With the pictures left out, reproduce exactly the lines from the one containing "Short faux fur coat - Coats - MAJE" through the final line of the entries.

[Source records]
--- START ---

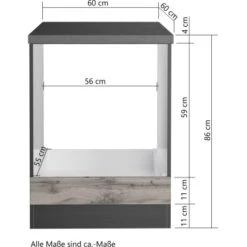 Held Möbel Herdumbauschrank Turin 60 Cm Wotaneiche/Graphit 18 Held Möbel Herdumbauschrank Turin 60 Cm Wotaneiche/Graphit -Küchenbedarf Discounter 189473 11016600 VM 06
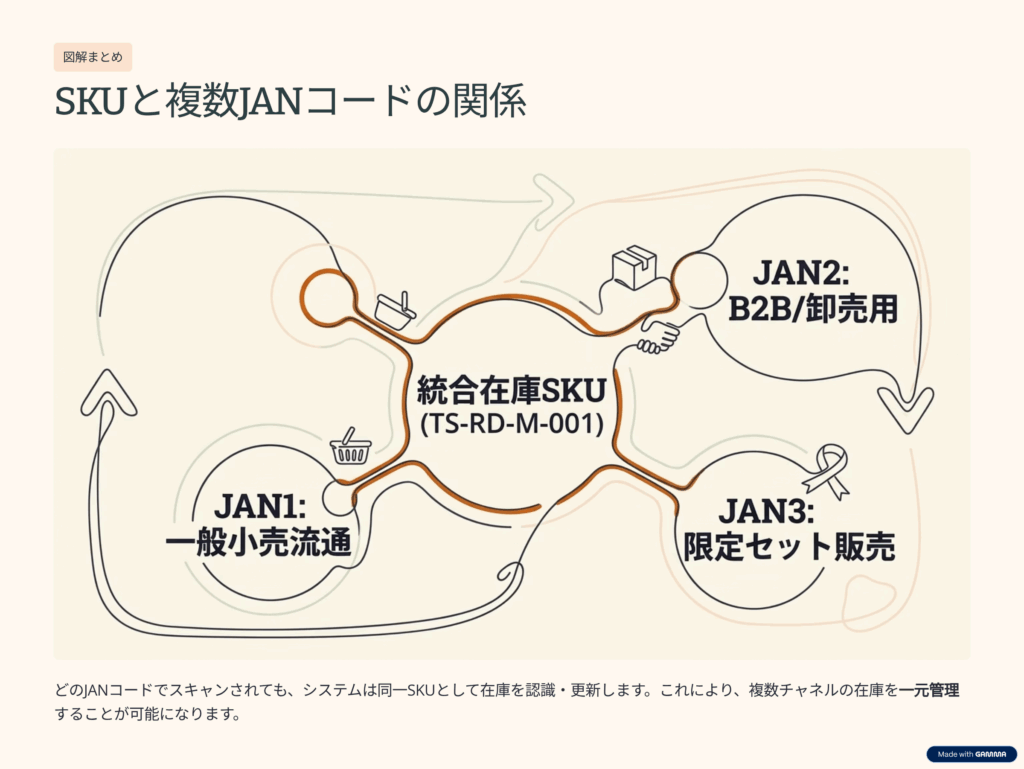 SKUと複数JANコードの関係を図で表したスライド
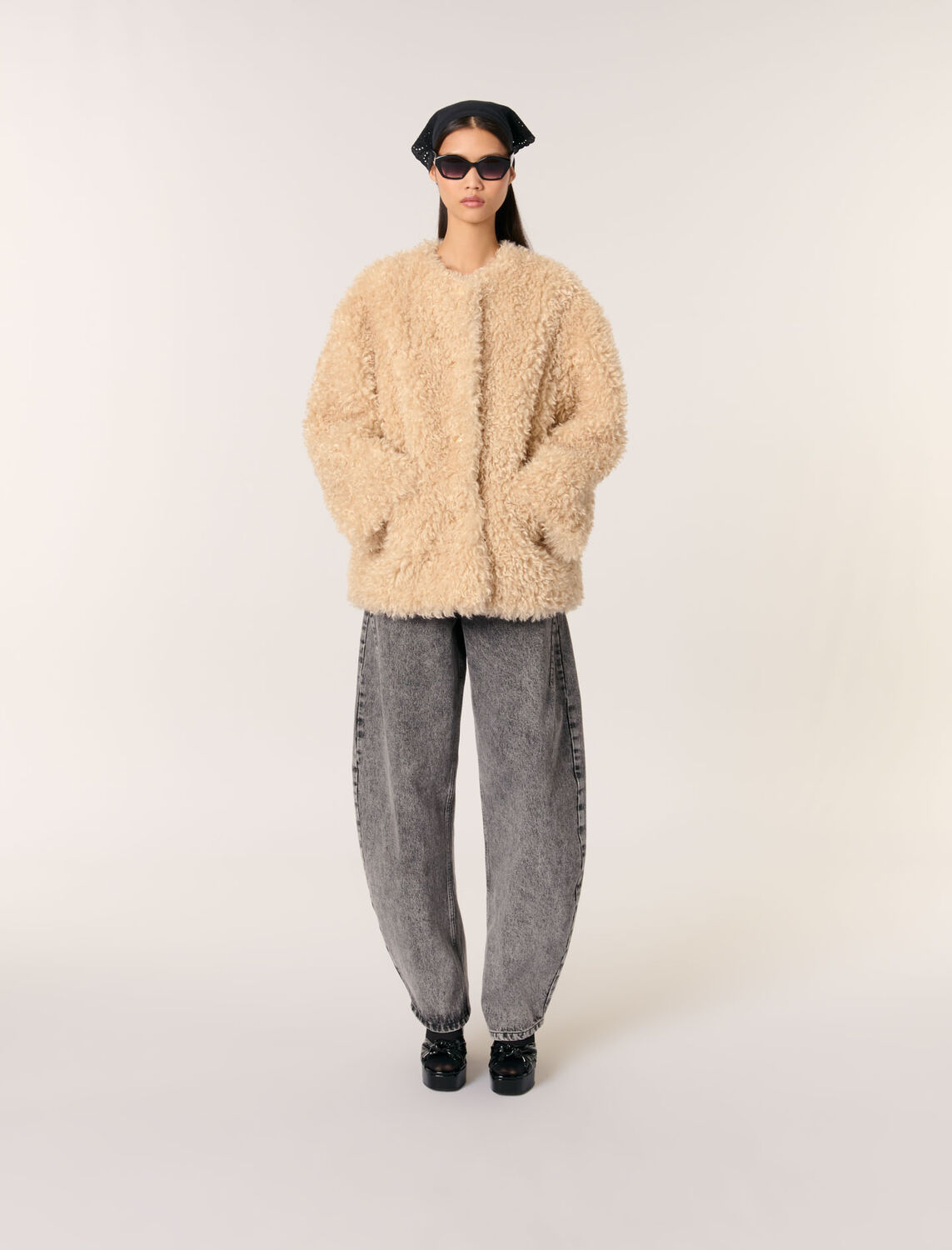 Short faux fur coat - Coats - MAJE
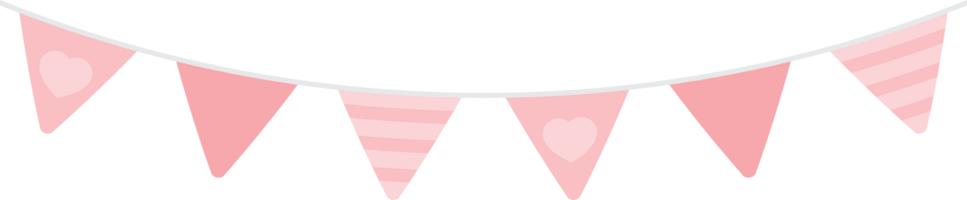 Cute pink triangle party bunting. Baby and kids party decoration. Flat design illustration. png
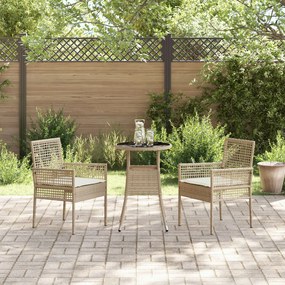 Set da pranzo per giardino 3 pezzi  beige polyrattan
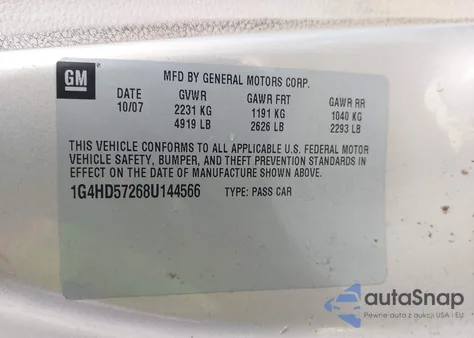 2008 Buick Lucerne Cxl z USA, uszkodzony, nr VIN 1G4HD57268U144566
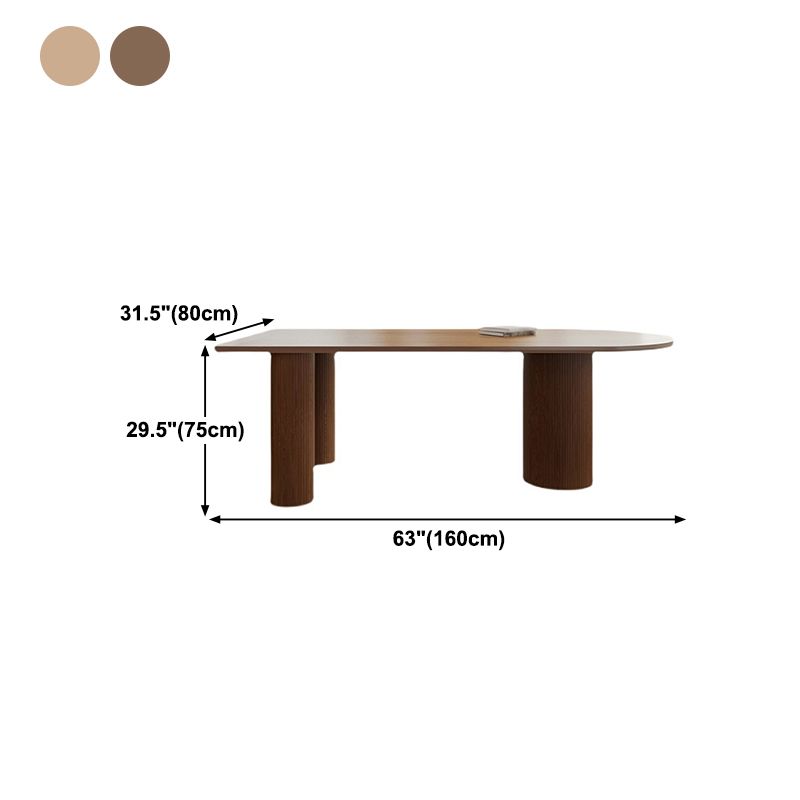 Solid Wood Top Dining Table Modern Pine Wood Table with 3 Legs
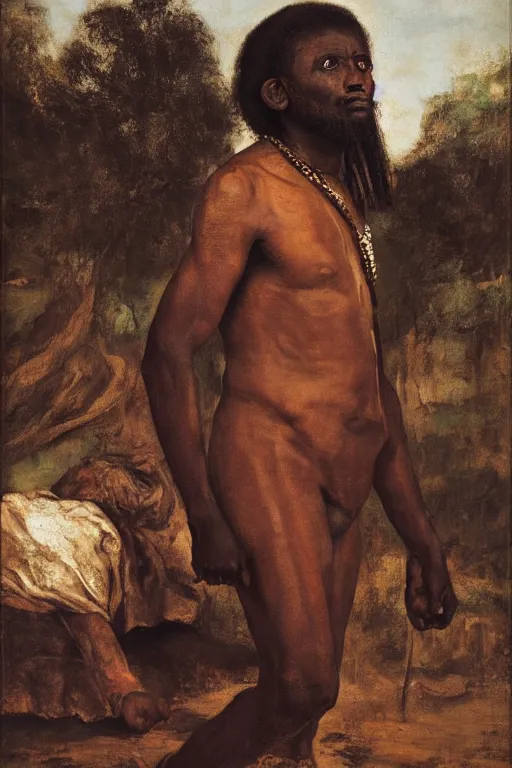 Prompt: solomon king as an etiopian, 8 k, hdr, great light, gustave courbet, annie leibowitz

--- END ---

• Response area
 Short faux fur coat - Coats - MAJE
 Cute pink triangle party bunting. Baby and kids party decoration. Flat design illustration. png
 Set da pranzo per giardino 3 pezzi  beige polyrattan
 2008 Buick Lucerne Cxl z USA, uszkodzony, nr VIN 1G4HD57268U144566
 Solid Wood Top Dining Table Modern Pine Wood Table with 3 Legs
 Prompt: solomon king as an etiopian, 8 k, hdr, great light, gustave courbet, annie leibowitz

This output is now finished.